- REQUIRED WORK: Once the line containing "Diamond Fascination Diamond" is found in the data below, repeat it and every later line exactly, leaving the pictures out.

- Short web captions:
|---|
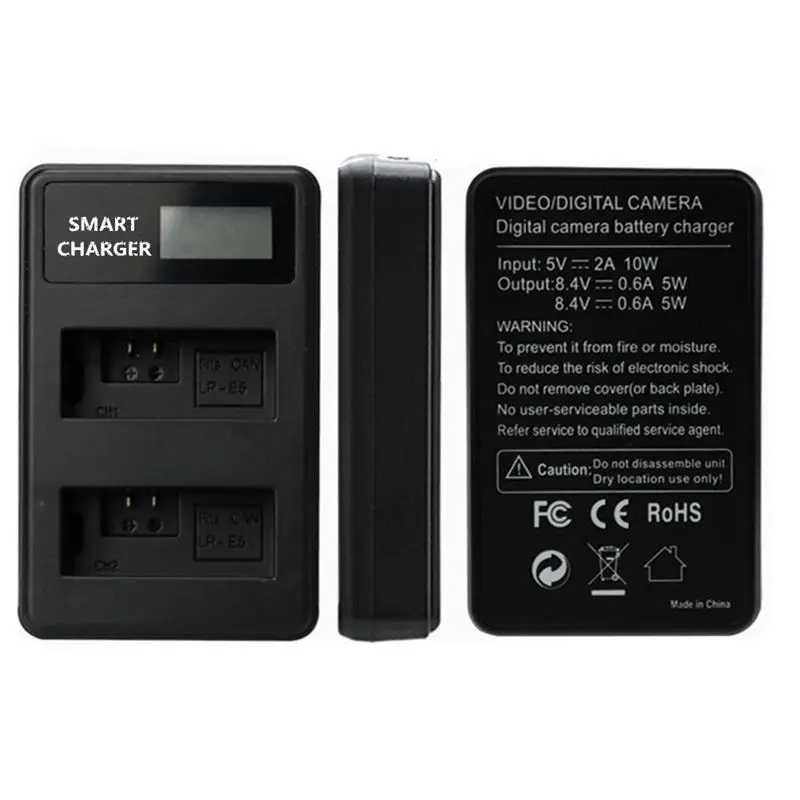 Lp-E5 Usb ЖК-дисплей двойной порт зарядное устройство для Canon 450D 500D 1000D Kiss X2 X3 F Rebel Xsi Xli Xs
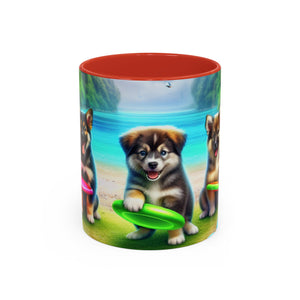 Cute Beach Puppies Playing Frisbee - Black Coffee Mug - Perfect Gift for Dog Lovers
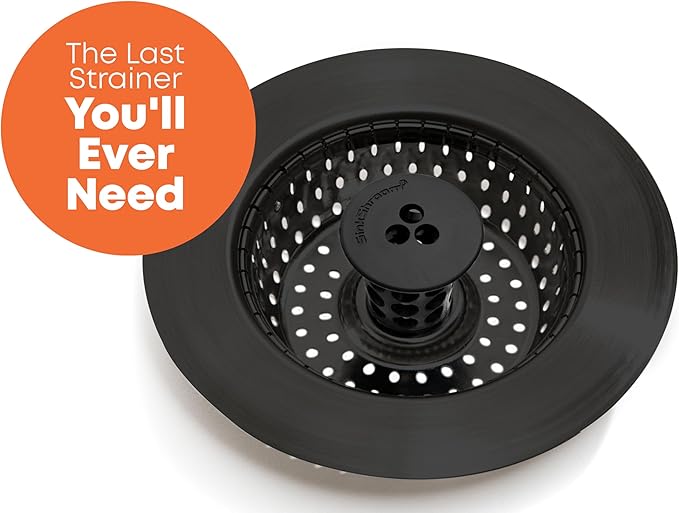 Kitchen SinkShroom Clog-Free Kitchen Sink Drain Strainer with Stopper - Sink Protector for Kitchen Sink, Stainless Steel, Matte Black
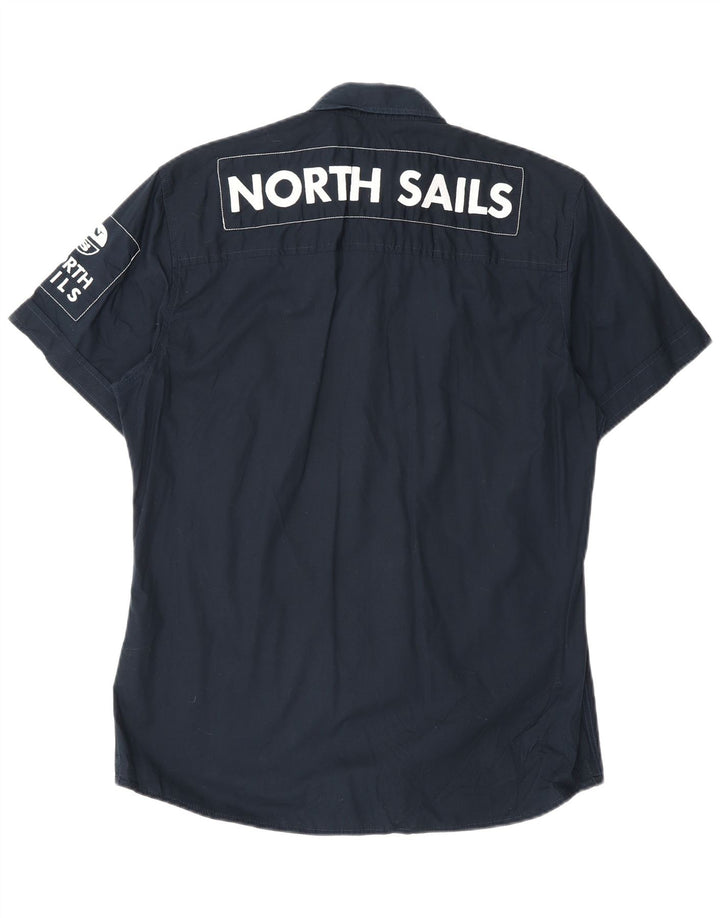 Camicia a maniche corte grafica da uomo North Sails in cotone blu navy medio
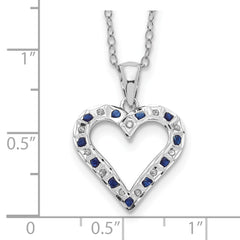 Diamond Fascination Diamond Mystique Sterling Silver Platinum-plated Diamond and Sapphire Heart 18 Inch Necklace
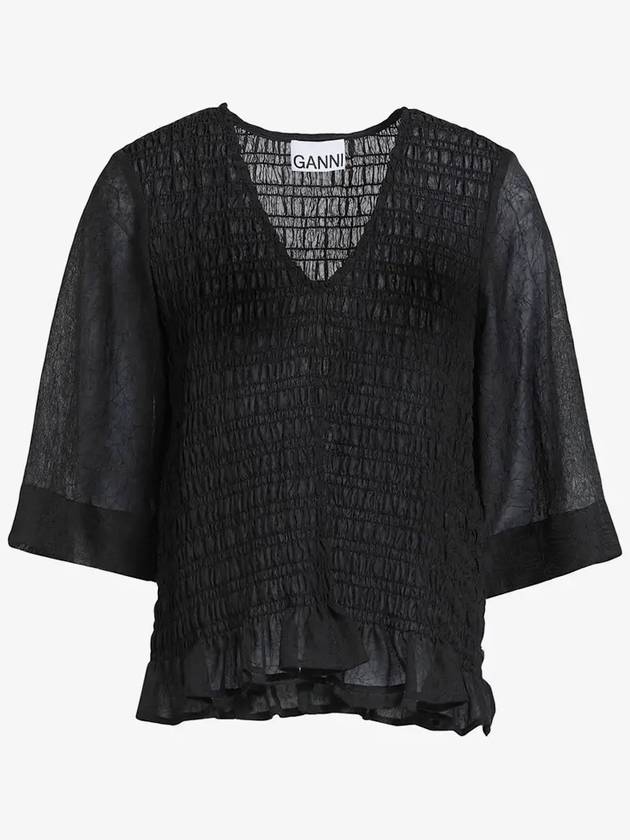 Mock V-Neck Crinkled Blouse Black - GANNI - BALAAN 2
|---|
- EXERCISE OUTPUT:
 Diamond Fascination Diamond Mystique Sterling Silver Platinum-plated Diamond and Sapphire Heart 18 Inch Necklace
 Mock V-Neck Crinkled Blouse Black - GANNI - BALAAN 2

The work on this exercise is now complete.